My garage used to be home to dozens of cardboard boxes where I was storing…well…junk.
So I threw out what I could and relocated the rest to plastic tubs that you can find at Target, Wal-Mart or your local office supply store.
One of the other nasty places that spiders and other bugs hid were inside our golf club bags (which shows you how often we used them).
If you want more info, I wrote a great article that details my process to get rid of some of the clutter in my garage in small, manageable chunks so you don’t waste en entire day doing it.
2. Clean out cobwebs and nests
Once your garage is clean enough to see everything, its time to get out the vacuum. Personally, I do this at least once a year while I’m cleaning and lubricating my garage door. In between, I quickly look at the trouble areas once a week when I’m doing yard work. If I find any new cobwebs, I’ll usually blow them out with a leaf blower.
Not only will you need to suck up any cobwebs that you find, but this is a good time to “clean” any live spiders that you find as well. Spiders don’t have a very strong exoskeleton and can’t withstand the pressure of a vacuum cleaner.
Be sure to look in the corners of the walls, underneath any furniture, behind workbenches and on the garage door hardware.
3. Eliminate their food supply
If you’re focusing on how to keep spiders out of your garage, you might want to think about the other bugs first.
Spiders eat other bugs, so they’re going to make their homes where they have food. Eliminate a spider’s food supply and it will quickly find another home (or die).
You just cleaned out the clutter in your garage, so now you have to keep it that way. Make sure there’s no food or leftovers lying around.
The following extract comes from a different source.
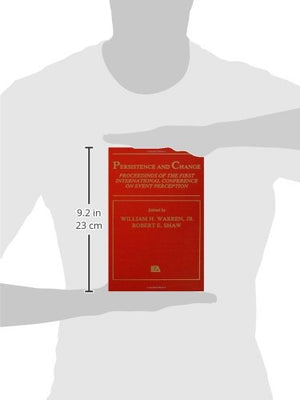 Persistence And Change: Proceedings Of The First International Conference On Event Perception (Resources For Ecological Psycholo,New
It may seem small to you, but it’s a feast to an insect.
After that, you’re going to have to get aggressive with your other garage pests. That means using a fogger or bug bomb to reset your insect population. If harsh chemicals aren’t your thing, there are natural alternatives, but they will usually take longer to see results.
4. Block their way in
Spiders and other insects can fit into incredibly small openings like cracks in your foundation or doors and windows that aren’t properly sealed.
In my case, it was a slightly larger opening (ahem) that I had to fix.
Not only was this letting bugs and spiders in my garage, but it was sucking all of the cooler air out into the hot, Florida sun.
If you can, patch up any cracks in your walls and make sure there’s a water tight sealant on your walls. Then use a fitted screen or other type of bug netting over any openings that you can’t seal up.
5. Use a spider repellent
I mentioned using a fogger or a bug bomb to take out the spider’s food supply earlier. Now it’s time to deal with the little beasties themselves.
Boric acid is a common insecticide that kills bugs when they ingest it. It’s absorbed poorly through the skin, but it can be harmful to pets (and humans) if they try to eat it.
The Terro Spider Killer is an aerosol that can be used to both directly kill spiders or spray in cracks and crevices and use it as a deterrent.
Whether you want to go with a high-powered commercial solution or take the natural route and make your own organic concoction, there are several different spider repellents to choose from.
If you want to go the natural route, grab a spray bottle with either vinegar, common dish soap or peppermint oil.
In either case, spray the mixtures around the edges of the walls, corners, and anywhere that you found spiders or other insects when you cleaned out your garage earlier.